Space historian Robert Zimmerman recently wrote that a cycle of nonsense has taken hold at NASA. President A announces a vast, sweeping space plan whose big costs won't happen until he leaves office. President B arrives and huffily cancels A's plan, announcing his own vast, sweeping project whose big costs won't happen until he leaves office. President C arrives and cancels B's plan, announcing -- fill in the rest. All that happens: The pork-barrel flow to congressional districts with NASA installations continues. "America's incoherent space program is unable to accomplish anything other than to spend money," Zimmerman concludes. NASA has not produced an important new piece of hardware in more than a decade, though has burned through about $180 billion in that period.
NASA doesn't want to build an asteroid defense because such a system would have no role for astronauts. Mars travel? Way too expensive to be practical. The agency is so adrift it has started claiming space spending is for jobs creation. Paying people to dig holes and then fill them creates jobs, too; space subsidies are an inefficient way to stimulate the economy, since unlike bridges or subways, space dollars have no multiplier effect. NASA's motto should be: Nowhere to Go But Up.
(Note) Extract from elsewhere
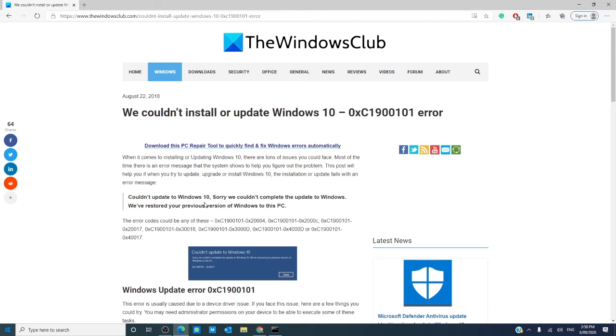You may run into the schedule this volume to be checked the next time the system restarts. Click yes, hit enter, and then restart your computer and see if this problem fixes it.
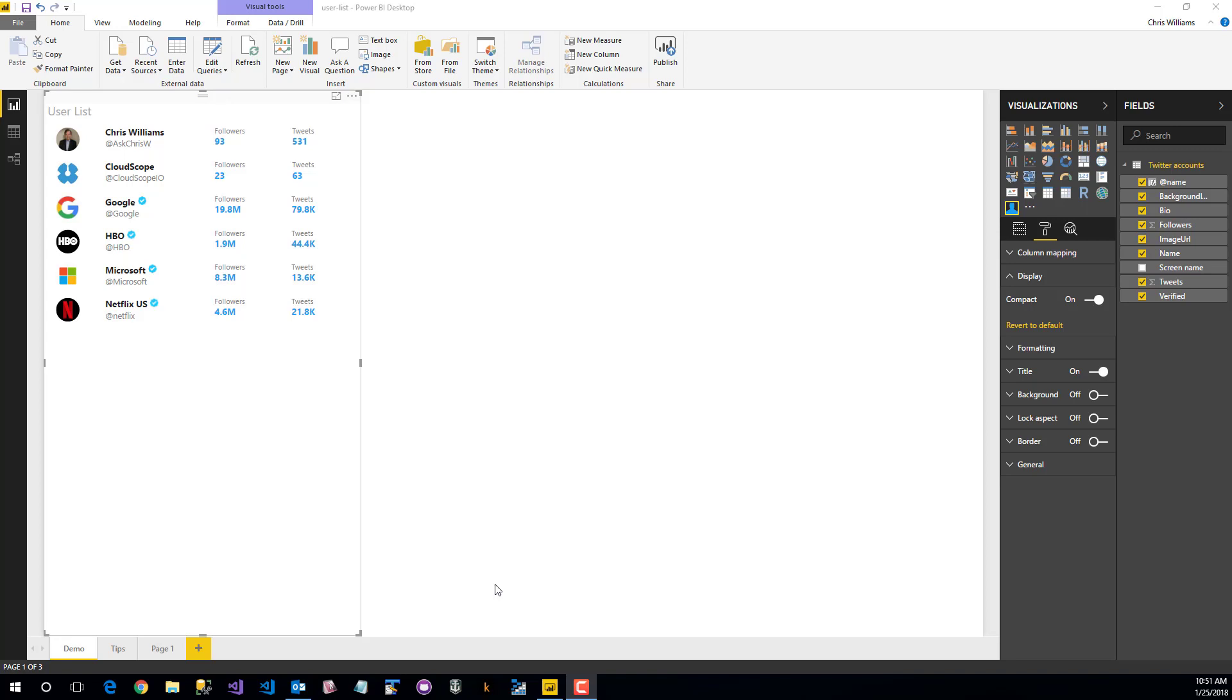Hey everybody, today we're going to take a look at the user list control by CloudScope.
StubHub World: The day of the NFL opener, the cheapest seat on StubHub for the monster Atlanta at New Orleans pairing was $138. Seats at the laugher Kansas City at Jacksonville contest -- teams a combined 4-28 last season -- could be had for $14. That's below face value: owners of Jax seats were taking a loss to be rid of them. A 50-yard-line seat behind the home team box for the monster Green Bay at San Francisco contest could have been had for $409. That was a value price considering the magnitude of the game. A sideline 50-yard-line seat for the woofer Arizona at St. Louis pairing could be had for $118. That might have been worth it just so you could say you'd sat on the sideline at midfield of an NFL game.
Wacky Food of the Week: Best restaurant name ever.
Trojan Horsing Around: Professional football teams are strictly entertainment organizations. They do not play any larger role in society -- which is a reason subsidies and tax favors to the NFL are offensive. Colleges and universities do play a larger role in society, so subsidies and tax favors to them may be justified. Yet sportscasters and sportswriters treat college football teams as though they had no purpose other than to generate victories.
Last season, perennial power USC finished 7-6. This was spoken of by sports commentators and the Trojan faithful as some sort of calamity. Recently the focus has been on whether USC will win this season. Saturday, USC was held to 7 points by Washington State. Soon boosters may be calling for Lane Kiffin's head.
But while an NFL team must win to have a good season, providing entertainment is only one of several things an NCAA football team should accomplish. Good examples should be set for young people; high standards should be upheld; players should graduate. That's why what is disappointing about Kiffin is not the Trojans' won-loss record, rather that under him, only 49 percent of African-American players have graduated, versus 73 percent of African-Americans in the USC student body as a whole during the same period.
Don't think low graduation rates are fine because USC players all cash multimillion-dollar NFL bonus checks. As of cut-down day, 17 Trojans who played under Kiffin were on an NFL roster. That means about three-quarters of players under Kiffin who have left USC never took a snap in the NFL. And of those on NFL rosters, how many will stick around long enough to have anything resembling a career?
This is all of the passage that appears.